Following him out the door are Phil King, Scale’s head of real estate and development, Thomas Dwyer, Scale’s head of external affairs, Kimberly Chehardy, Scale’s head of compliance, and former Australian journalist Melanie Slade, Scale’s head of public relations, the company’s name already scrubbed from her LinkedIn profile.
These are all people who worked without pay for months. Others, too, are starting to see the writing on the wall.
Flight turbulence
Margin Call’s eyes in the sky were bracing for a drop in cabin pressure on Thursday when former Virgin Australia boss Paul Scurrah boarded a 3pm flight from Sydney to Brisbane and took a seat near who else but Bain Capital CEO Mike Murphy.
Readers will recall that Scurrah had been earmarked to lead Virgin during Bain’s buyout of the airline in 2020, with Scurrah supported by the PE firm during much of the negotiations. Later, Bain heartlessly flipped the script and backed iron lady Jayne Hrdlicka (formerly of Bain & Co) to replace Scurrah as CEO. As one would expect, relations between Scurrah and Murphy have been cool ever since.

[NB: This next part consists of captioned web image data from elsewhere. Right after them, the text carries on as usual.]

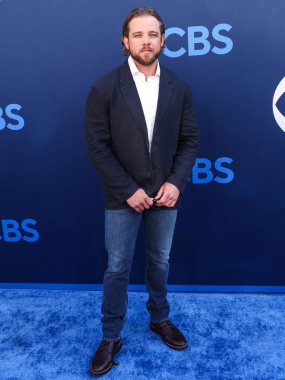 Ateş Ülkesi 'nden Max Thieriot, CBSFEST 2025-2026 yıllarında Paramount Stüdyoları' nda 7 Mayıs 2025 'te ABD' nin Los Angeles şehrinde gerçekleştirilen duyuruya geldi.. 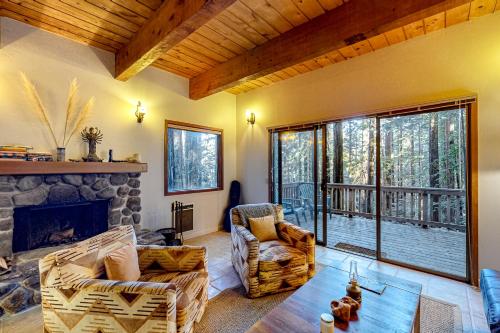 a living room with a couch and a fireplace at Deep Woods Hideaway in Annapolis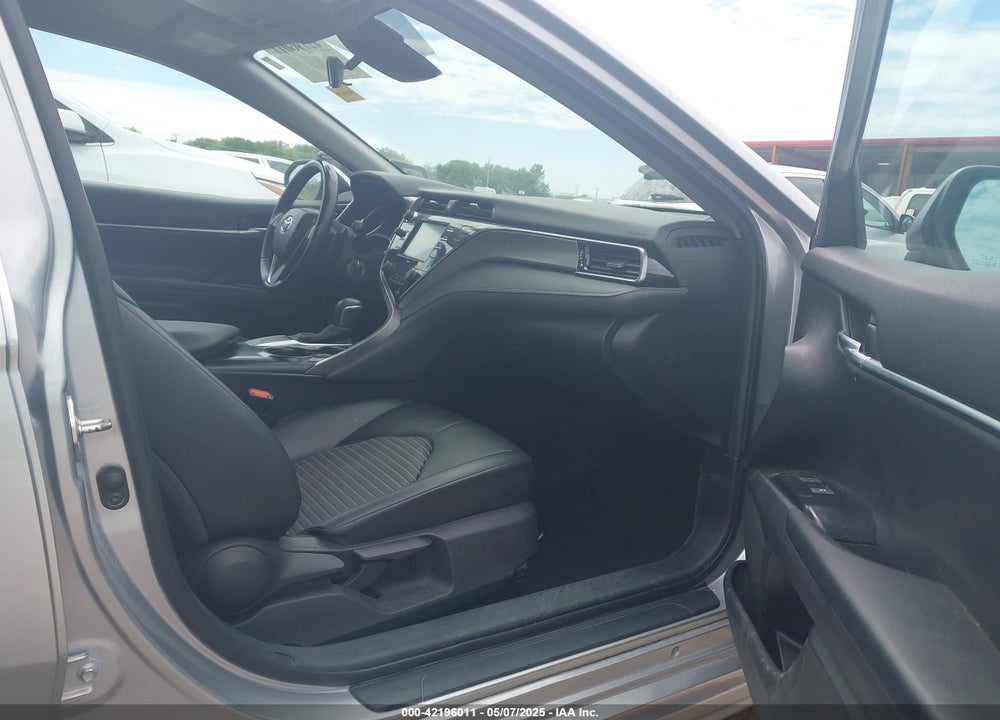 2020 TOYOTA CAMRY SE VIN: 4T1G11AK0LU924187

And so there’s Scurrah and Murphy, seated not quite alongside each other on this Virgin flight but certainly within earshot, crammed into the first two rows, and then, as if paid to do it, no less than three hosties have bee-lined for Scurrah to tell him what a gem of CEO he once was! Even the pilot came out to shake his hand, for goodness’ sake. Of course, none of them had a clue that faceless Bain villain Murphy was glowering so close at hand.
Scurrah now runs freight outfit Pacific National, and we’ve already reported on his wife, Nicole, this week, noting that she recently started corporate play Create Advisory after walking out on her partnership at Sayers Group.
And, yes, Scurrah and Murphy were eventually forced to make some eye contact as they disembarked from the aircraft. We’re told pleasantries were exchanged.
Tough transition
What a joy to see the Business Council of Australia finally pick a successor to CEO Jennifer Westacott after their right cocking up of the recruitment over the past eight months. Imagine having a competent CEO-elect ready at hand in Kate Pounder, of the Technology Council of Australia, only to then fruitlessly squander that appointment by agreeing to a late entree from Stuart Ayres, a former NSW Liberal minister (trailed by scandal) whose name didn’t quite jive with the old boys in Canberra. When that failed, the BCA board went grovelling back to Pounder, begging her to take the job. Naturally she told them where to go.
Margin Call broke the news on Friday that Bran Black, erstwhile the chief of staff to former NSW premier Dominic Perrottet, had been appointed to the role instead, and, sure enough, the BCA limped to the announcement by the afternoon with an email to its members. “Bran has a unique understanding of how to deliver practical economic and social reforms by bringing together business, governments and academia in strong collaborative partnerships,” it said.
Presumably it’s a soft landing from the hardships he faced running the often shambolic Perrottet government for 18 months.